Activity>
Scan the records beneath this line for the line holding "minimalist modern green" and the line holding "vs Doomsday Laptop", then transcribe exactly those two and all lines between.

Available data>
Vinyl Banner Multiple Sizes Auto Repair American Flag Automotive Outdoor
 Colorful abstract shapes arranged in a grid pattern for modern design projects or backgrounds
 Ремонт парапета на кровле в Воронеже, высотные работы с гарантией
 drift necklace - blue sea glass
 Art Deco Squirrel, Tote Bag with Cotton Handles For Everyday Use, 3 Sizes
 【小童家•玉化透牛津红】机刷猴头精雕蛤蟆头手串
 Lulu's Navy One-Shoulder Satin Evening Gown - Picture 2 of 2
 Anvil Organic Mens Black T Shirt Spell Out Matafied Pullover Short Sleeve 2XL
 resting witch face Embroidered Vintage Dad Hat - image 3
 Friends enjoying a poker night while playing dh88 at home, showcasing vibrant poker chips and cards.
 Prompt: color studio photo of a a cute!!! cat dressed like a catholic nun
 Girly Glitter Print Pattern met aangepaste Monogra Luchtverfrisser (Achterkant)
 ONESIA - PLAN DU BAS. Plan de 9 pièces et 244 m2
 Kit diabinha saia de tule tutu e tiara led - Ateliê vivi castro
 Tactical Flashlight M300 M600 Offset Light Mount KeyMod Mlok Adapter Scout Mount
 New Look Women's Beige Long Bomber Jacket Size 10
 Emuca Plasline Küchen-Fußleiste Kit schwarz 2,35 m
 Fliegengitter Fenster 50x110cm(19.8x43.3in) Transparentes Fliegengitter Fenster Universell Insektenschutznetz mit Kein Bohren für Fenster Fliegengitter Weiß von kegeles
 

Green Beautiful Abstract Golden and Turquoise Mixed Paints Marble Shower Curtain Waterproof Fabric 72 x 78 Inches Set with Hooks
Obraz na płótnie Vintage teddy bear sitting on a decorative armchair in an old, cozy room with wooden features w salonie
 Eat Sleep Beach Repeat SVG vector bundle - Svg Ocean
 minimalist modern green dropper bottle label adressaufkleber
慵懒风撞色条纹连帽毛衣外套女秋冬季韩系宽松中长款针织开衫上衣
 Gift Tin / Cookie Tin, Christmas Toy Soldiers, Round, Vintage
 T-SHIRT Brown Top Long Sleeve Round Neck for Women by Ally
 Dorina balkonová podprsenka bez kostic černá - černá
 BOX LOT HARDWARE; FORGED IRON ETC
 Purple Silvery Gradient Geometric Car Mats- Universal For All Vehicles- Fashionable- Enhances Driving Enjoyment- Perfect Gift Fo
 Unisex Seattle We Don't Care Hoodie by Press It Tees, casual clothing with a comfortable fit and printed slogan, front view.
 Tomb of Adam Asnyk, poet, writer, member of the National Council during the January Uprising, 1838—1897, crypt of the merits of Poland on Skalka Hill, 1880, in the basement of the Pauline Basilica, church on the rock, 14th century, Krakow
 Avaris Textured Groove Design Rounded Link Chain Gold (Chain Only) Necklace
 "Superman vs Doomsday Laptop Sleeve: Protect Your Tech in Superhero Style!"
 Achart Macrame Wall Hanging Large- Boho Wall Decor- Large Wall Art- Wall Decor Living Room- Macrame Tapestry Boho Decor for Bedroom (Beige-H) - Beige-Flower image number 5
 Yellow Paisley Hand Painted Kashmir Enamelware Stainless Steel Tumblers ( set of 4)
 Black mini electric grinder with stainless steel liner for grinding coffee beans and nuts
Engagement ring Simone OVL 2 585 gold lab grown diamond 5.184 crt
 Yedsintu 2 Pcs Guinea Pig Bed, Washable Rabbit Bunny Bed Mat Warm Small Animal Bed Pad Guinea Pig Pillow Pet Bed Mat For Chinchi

Written solution>
 minimalist modern green dropper bottle label adressaufkleber
慵懒风撞色条纹连帽毛衣外套女秋冬季韩系宽松中长款针织开衫上衣
 Gift Tin / Cookie Tin, Christmas Toy Soldiers, Round, Vintage
 T-SHIRT Brown Top Long Sleeve Round Neck for Women by Ally
 Dorina balkonová podprsenka bez kostic černá - černá
 BOX LOT HARDWARE; FORGED IRON ETC
 Purple Silvery Gradient Geometric Car Mats- Universal For All Vehicles- Fashionable- Enhances Driving Enjoyment- Perfect Gift Fo
 Unisex Seattle We Don't Care Hoodie by Press It Tees, casual clothing with a comfortable fit and printed slogan, front view.
 Tomb of Adam Asnyk, poet, writer, member of the National Council during the January Uprising, 1838—1897, crypt of the merits of Poland on Skalka Hill, 1880, in the basement of the Pauline Basilica, church on the rock, 14th century, Krakow
 Avaris Textured Groove Design Rounded Link Chain Gold (Chain Only) Necklace
 "Superman vs Doomsday Laptop Sleeve: Protect Your Tech in Superhero Style!"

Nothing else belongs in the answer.